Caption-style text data
★ ★ ★ ★ ★

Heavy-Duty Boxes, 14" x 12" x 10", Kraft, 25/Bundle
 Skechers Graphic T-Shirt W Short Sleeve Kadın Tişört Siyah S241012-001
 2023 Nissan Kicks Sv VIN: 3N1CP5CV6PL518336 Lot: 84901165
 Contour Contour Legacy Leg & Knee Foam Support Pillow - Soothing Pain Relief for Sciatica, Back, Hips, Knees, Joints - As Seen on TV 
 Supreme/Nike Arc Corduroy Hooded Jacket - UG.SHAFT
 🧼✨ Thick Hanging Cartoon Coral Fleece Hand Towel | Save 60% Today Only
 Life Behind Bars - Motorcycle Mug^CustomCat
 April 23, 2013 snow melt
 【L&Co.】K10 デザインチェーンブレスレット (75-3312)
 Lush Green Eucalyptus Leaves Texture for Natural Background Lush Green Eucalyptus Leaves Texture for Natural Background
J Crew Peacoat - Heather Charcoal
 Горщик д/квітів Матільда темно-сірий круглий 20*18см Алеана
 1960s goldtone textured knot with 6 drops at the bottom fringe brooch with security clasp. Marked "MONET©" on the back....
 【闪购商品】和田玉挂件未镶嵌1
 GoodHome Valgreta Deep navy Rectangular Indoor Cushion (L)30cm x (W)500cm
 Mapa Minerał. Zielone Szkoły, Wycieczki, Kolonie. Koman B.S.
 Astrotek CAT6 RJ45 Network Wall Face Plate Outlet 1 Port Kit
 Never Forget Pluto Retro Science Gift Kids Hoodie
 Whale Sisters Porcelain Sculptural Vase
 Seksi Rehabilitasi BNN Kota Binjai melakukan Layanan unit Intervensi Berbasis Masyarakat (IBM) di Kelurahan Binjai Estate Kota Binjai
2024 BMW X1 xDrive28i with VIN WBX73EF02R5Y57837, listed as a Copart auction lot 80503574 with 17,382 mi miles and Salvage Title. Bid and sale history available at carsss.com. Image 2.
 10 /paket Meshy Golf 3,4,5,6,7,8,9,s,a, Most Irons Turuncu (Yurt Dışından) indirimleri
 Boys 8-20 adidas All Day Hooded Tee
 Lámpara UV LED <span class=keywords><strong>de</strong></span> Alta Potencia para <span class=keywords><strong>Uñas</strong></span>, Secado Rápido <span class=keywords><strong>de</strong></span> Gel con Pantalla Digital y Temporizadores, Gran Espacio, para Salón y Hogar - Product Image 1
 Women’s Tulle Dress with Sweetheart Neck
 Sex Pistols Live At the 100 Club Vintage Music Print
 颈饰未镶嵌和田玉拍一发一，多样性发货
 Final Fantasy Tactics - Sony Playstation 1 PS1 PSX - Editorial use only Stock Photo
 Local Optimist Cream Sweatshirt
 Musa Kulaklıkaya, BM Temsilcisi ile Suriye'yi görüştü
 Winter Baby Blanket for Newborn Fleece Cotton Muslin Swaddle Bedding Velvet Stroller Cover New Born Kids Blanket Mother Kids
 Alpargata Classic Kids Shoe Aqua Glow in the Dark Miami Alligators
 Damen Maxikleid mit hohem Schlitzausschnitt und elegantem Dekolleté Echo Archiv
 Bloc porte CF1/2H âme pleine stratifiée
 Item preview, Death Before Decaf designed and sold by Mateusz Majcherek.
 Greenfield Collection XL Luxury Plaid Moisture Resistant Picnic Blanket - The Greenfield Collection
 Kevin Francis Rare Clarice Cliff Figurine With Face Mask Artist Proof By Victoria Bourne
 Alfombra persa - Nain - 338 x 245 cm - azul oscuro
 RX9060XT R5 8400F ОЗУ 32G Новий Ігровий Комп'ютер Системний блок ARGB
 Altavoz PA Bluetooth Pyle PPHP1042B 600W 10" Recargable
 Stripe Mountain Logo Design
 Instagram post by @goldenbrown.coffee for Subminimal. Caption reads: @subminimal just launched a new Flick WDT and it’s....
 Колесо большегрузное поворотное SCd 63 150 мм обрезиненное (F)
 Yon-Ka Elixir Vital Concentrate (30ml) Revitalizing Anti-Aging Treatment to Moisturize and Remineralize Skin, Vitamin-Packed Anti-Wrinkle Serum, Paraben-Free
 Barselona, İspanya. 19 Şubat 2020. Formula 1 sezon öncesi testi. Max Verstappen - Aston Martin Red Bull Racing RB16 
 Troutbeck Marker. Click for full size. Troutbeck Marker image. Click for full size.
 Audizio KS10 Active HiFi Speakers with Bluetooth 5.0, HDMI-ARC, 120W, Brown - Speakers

★ ★ ★ ★ ★

> WORK TO COMPLETE
Pick out every line above that contains the word "Face" and copy it.

> THE ANSWER
 Astrotek CAT6 RJ45 Network Wall Face Plate Outlet 1 Port Kit
 Kevin Francis Rare Clarice Cliff Figurine With Face Mask Artist Proof By Victoria Bourne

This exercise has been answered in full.